I try so hard to be everything for everyone. I never want to disappoint. Especially the kids. It breaks my heart if I ever fall short for them, so I spend a lot of time going above and beyond to proactively compensate.
The same goes for my husband. I never want him to catch me letting anything fall through the cracks. He is so impressive with what he’s accomplished with his business. He spends his entire day doing the impossible. So I want him to come home and think I’m doing the same.
I want it to seem like I have it all together, all the time.
The truth is, I’m a fucking mess. He of all people would know that. But I guess I’m still able to fool him. The truth is, I spend a lot of time sobbing into my hands or screaming into my pillow or gritting my teeth so hard I’ve had to acquire a mouth guard.
It’s not easy, man. And no one ever said it would be. But I feel like we’re not allowed to admit it. Not just to other people, but also to ourselves.
Being a parent today is really demanding. Making sure they eat. Making sure their food doesn’t have poison ingredients in it. Making sure they’re making friends, doing homework, passing tests, going to the dentist, developing on schedule, meeting project deadlines, wearing pants.
Its so much. And it never stops. There is no clocking out at the end of the day. I’m always thinking about what everyone else needs. Mentally cataloging all of their appointments, meetings, due dates, lessons, parties.
Most days, my needs don’t make it onto the list. And when they do…this happens.
I had been meaning to sign up for this birthing class for a while. But it was on Tuesday nights, which is when the boys have their music lessons. So I had to figure out a sitter. And confirm that my husband could make it home in time those nights from work.
After watching the task sit on my to-do list week after week, everyone else’s tasks being crossed off around it, I finally just signed up. I spoke to the teacher on the phone. I put it on my calendar. On the family calendar. Confirmed with the sitter. Set an alarm on my phone.

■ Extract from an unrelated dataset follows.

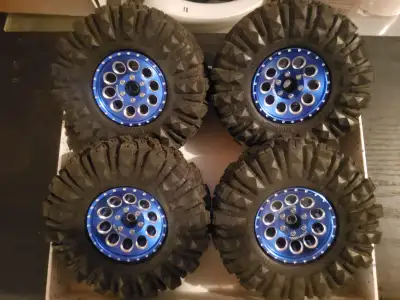 Asking $100 Pick up only. Cash Only. HobbySoul 1.9 Blue/Chrome aluminum beadlock wheels with aggress...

And then, whoops! The week before, our sitter had a conflict. So I had to bring in reinforcements. I secured my sister in law, rescheduled music lessons, made sure my husband would be home in time.
That night, things were going pretty smoothly. We all had dinner together, the boys were having fun with their aunt, things were moving along.

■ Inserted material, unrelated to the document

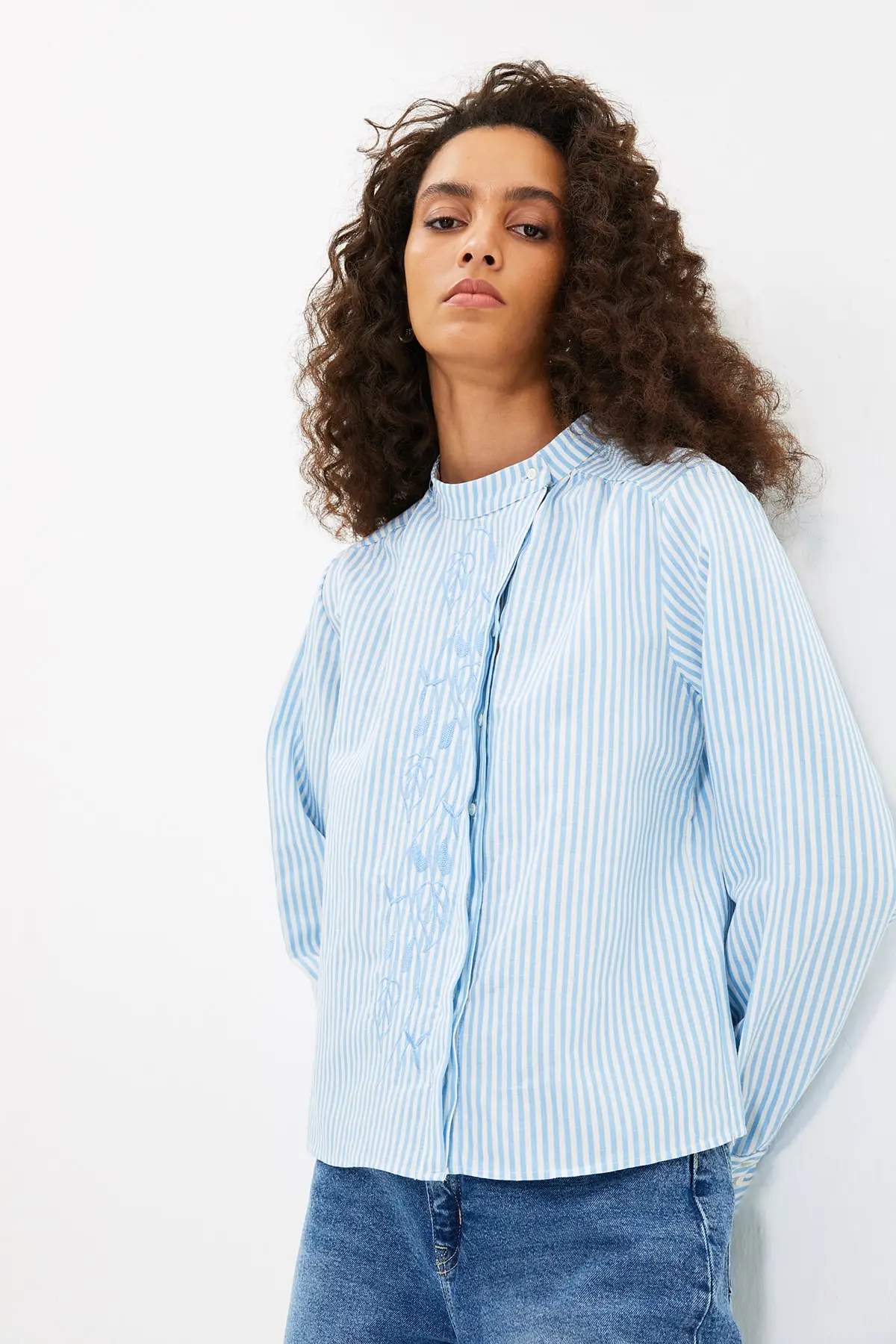 

Trendyol Embroideried Blouse TWOAW22BZ0964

As we were on our way out, it started pouring. Like, “is there a hurricane we don’t know about” kind of pouring. So we waited a bit, but ended up driving through some pretty bad rain to try and make it to the class on time. Once we’re there, we get lost finding the room. A kind janitor finally guided us in the right direction. We walk in 10 minutes late. Wet, cold, harried. Everyone goes silent and gives us a confused look.
Turns out our class started the following week. We were in the wrong class, on the wrong day, and I have never been more embarrassed. My husband took it like a champ, laughed it off and we went on our way. I, however, became inconsolable.
This does not happen. I don’t mess this stuff up. I am hyper-organized with all of our schedules. I have everyone’s appointments and meetings and lessons all logged in chronological order in my brain at all times. I have multiple color-coded calendars filled out at once. This does not happen.
I was so embarrassed. And angry at myself. I couldn’t just laugh it off. I had wasted so much time finding a back up sitter and rescheduling music lessons and rushing my husband home from work. All for nothing.
But my husband, the saint that he is, tried to give me some perspective. He said all the right things that I was not saying to myself. He reminded me that these things happen, we make mistakes and laugh them off and move on. He told me stories of other people who had fucked up way worse. He hugged me and kissed me and made the best of the situation.
And then, on the drive home, as I continued to cry to myself in the passenger seat, he held my hand and said “Baby, you’re not perfect.”
My first reaction was rage. I didn’t have time to express it, though, because he immediately followed that statement with “I wouldn’t be with you if you were.”
And obviously that made me cry more. Because I put so much pressure on myself to be perfect. For the boys, for my husband, for everyone who needs me. But none of them are asking that of me. No one puts that expectation or pressure on me. I do it to myself.
So the lesson here is, fuck being perfect. It doesn’t exist. It’s an ideal. I think its okay to strive for it, and work toward it. Do your best to be your best. But cut yourself some fucking slack every now and then. You’ll never arrive at perfection. It’s not something to achieve. And remember, it’s a standard you’re holding yourself to.
I’m not going to stop color-coding our calendars and to-do lists. I won’t ever like it when the dirty dishes sit in the sink. I’ll continue to tout my Dynamo label maker around like a concealed weapon. But I’m hoping I’ll be able to have a bit more of a sense of humor about it all.